Dearborn, Mich. — Patriot’s Day three years ago, the international flag-lined finish line of the Boston Marathon changed from cheers for the runners to screams from runners, their family members and friends after two ground-shaking explosions occurred less than a block apart.
Among yellow vested first responders on that clear day suddenly filled with smoke, were camo-clad national guardsmen and Emergency Medical Technicians triaged the 150 injured, among who had lost or injured legs, ankles and feet.
Northeastern University design student Brian Fountaine knew he not only had educational know-how to create aides for some of these people, but his first-hand knowledge would shorten research and development time. Nine years before, while serving in a second tour in Iraq both Fountaine’s legs were taken in a bomb blast.
Now, after marshaling his social media connections, the former tank commander, who didn’t plan to attend college, has an additional $10,000 to go with the $25,000 from the original 2015 Ford College Community Challenge grant from Ford Motor Company Fund.
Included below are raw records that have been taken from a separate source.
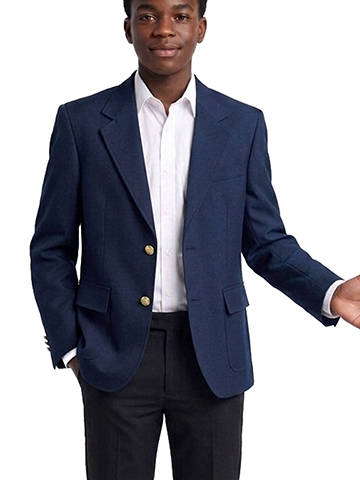 Rifle Single-Breasted School Blazer (Adult Sizes) - CookiesKids.com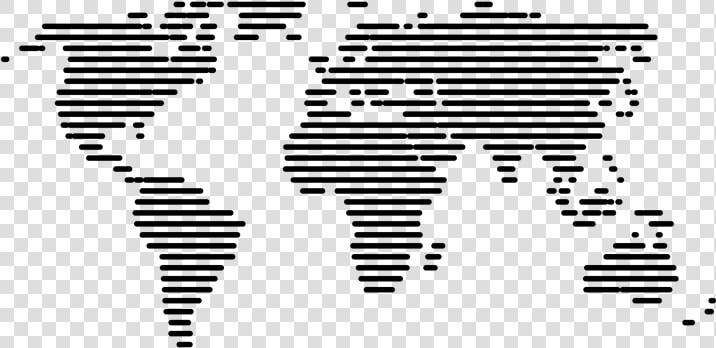 World Map Png Image Free Download Searchpng   World Map Black And White Vector  Transparent PngTransparent PNG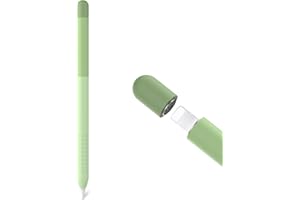 Delidigi Cover for Apple Pencil 1st Generation, Gradient Color Silicone Case Sleeve Grip Accessories Compatible with Apple Pencil 1st Gen(Gradient Green)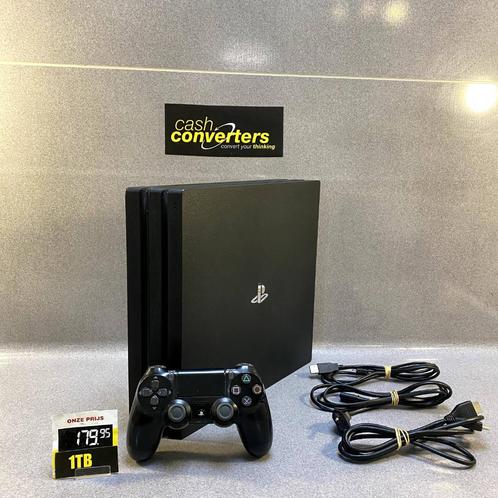 Playstation 4 Pro | 1TB | controller en kabels | 342343, Spelcomputers en Games, Spelcomputers | Sony PlayStation 4, Gebruikt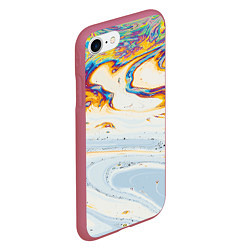 Чехол iPhone 7/8 матовый Магия масляного отражения, цвет: 3D-малиновый — фото 2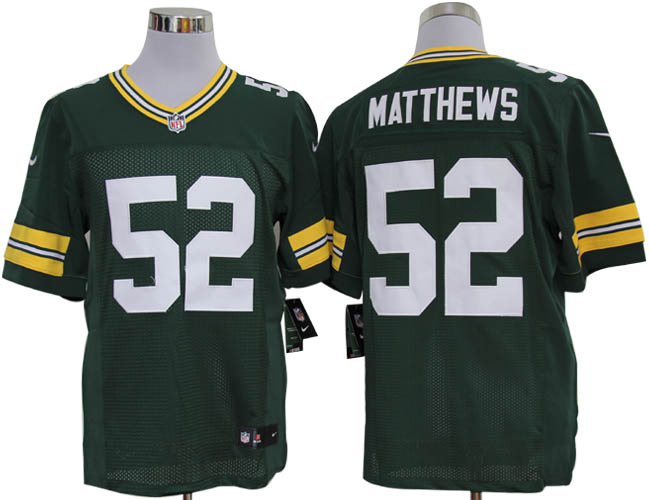 Nike Packers 52 Matthews Green Elite Jerseys - Click Image to Close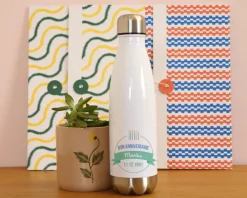Gourde isotherme en inox personnalisable - Collection bougies d'anniversaire Homme|Cadeaux.com Outlet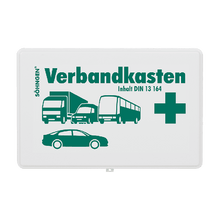 Kit di pronto soccorso per auto, vuoto, in plastica bianca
The bonus grant will allow for purchase of a solid block of metal for limb creation, travel to conferences to collaborate with other prosthetic limb designers toward lessening the cost of limbs. After all, a prosthetic leg costs $5,000 to $50,000 but wear and tear require replacement in three to five years. Of course a growing child requires sooner replacement; and each limb requires custom fitting.
Fountaine doesn’t only design legs and he’s not working alone. Ben Caras is the project faculty advisor and Brenna Sorkin is the CAD/3-D printing expert. Together they may also restore some music to the world.
“My friend, Maureen was born without her left hand, but she played violin with a clamp holding the bow. It was lost in a house fire. It cost about $750,” said Fountaine. As with many prosthetics, they are not always covered by insurance, but this innovator said “I told her, I can make it for about $50. We’re working on it. There will be tests, but this will open a big world for amputees.”